Merrily crashing through brambles while running pell-mell over the countryside with map, compass and deathwish is a European pastime known as orienteering. England's Dr. Roger Bannister has taken it up, but since the man who first broke the four-minute mile wasn't winning any races ugly whispers cropped up that he was shamefully out of condition. Nope, that wasn't it, said Bannister serenely. "I don't regard it as a competitive sport in my case," he said. "It's exercise, and I like taking exercise—not because I feel it is doing me good, but because I enjoy it. And I walk up the hills because I feel better walking up than running up."

Considering how he had flubbed that third-strike pitch—and the whole 1941 World Series in the bargain—it was encouraging to see the old Dodger catcher hold onto something. Mickey Owen, now a sheriff in Missouri, joined forces with a fellow sheriff in a jailbreak manhunt and was on the scene when three of the escapees were tracked down in a farmhouse. For a while, Owen's bloodhounds had been put out of commission after the fugitives smeared black pepper and underarm deodorant on their shoes, but after six days of running (and one unhappy meal of bologna sandwiches washed down with cr√®me de menthe) the men were willing to call it quits. "Well, sir," drawled Mickey, "this one we didn't drop."

Everyone having had his say at an alumni meeting at Athens' Anavryta national school, King Constantine of Greece suggested a game of field hockey with the seniors to top off the day. Hey, yeah, they all agreed, and tumbled outside where Constantine installed himself before the goal and shouted, "Apano tous!" (Get them!) to his former schoolmates. Rallying cries were insufficient; Constantine gave up three goals to the seniors and got a banged-up knee in the process. "It is always fun when Megaliotatos comes visiting the school," said one young man of his 25-year-old king, "but I don't see how these old ones expect to beat us at hockey."
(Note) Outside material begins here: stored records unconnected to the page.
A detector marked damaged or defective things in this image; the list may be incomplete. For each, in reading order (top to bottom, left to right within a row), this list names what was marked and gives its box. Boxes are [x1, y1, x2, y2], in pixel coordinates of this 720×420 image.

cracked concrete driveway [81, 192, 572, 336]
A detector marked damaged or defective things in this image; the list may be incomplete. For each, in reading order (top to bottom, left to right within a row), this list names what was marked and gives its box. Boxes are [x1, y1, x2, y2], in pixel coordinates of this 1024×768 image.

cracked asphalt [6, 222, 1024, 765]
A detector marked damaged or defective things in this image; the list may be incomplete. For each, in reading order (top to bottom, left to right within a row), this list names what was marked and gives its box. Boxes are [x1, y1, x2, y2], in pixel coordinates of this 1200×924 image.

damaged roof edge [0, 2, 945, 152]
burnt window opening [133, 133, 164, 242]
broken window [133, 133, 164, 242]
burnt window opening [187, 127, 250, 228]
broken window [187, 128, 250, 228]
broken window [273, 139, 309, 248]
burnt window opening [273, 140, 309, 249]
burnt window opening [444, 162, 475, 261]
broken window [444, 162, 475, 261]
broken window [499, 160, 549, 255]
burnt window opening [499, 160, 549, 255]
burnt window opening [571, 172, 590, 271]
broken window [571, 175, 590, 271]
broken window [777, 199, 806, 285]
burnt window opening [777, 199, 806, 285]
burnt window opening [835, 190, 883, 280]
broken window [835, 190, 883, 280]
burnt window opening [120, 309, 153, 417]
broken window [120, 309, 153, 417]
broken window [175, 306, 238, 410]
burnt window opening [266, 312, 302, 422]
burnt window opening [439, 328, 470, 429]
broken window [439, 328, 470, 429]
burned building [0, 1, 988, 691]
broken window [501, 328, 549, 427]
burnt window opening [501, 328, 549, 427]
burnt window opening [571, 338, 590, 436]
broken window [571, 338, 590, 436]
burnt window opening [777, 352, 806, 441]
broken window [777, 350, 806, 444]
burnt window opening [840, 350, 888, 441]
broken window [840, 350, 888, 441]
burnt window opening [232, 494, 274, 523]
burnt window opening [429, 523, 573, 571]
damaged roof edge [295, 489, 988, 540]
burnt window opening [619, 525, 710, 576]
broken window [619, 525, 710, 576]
All anybody expected him to do was look in, make a token appearance and go away. But Interior Secretary Stewart Udall, who once—ages ago—played basketball for the University of Arizona, felt the old flames flash up when he was asked to join his staff for a U.S. Interior Department Recreational Basketball League game. Udall, 45, charged onto the court in full uniform, and his presence (below) was so stimulating—setting up plays, roughing it up under the boards—that his team held a one-point lead at halftime. But then the Secretary had to depart on official business, whereupon his demoralized teammates went down to defeat.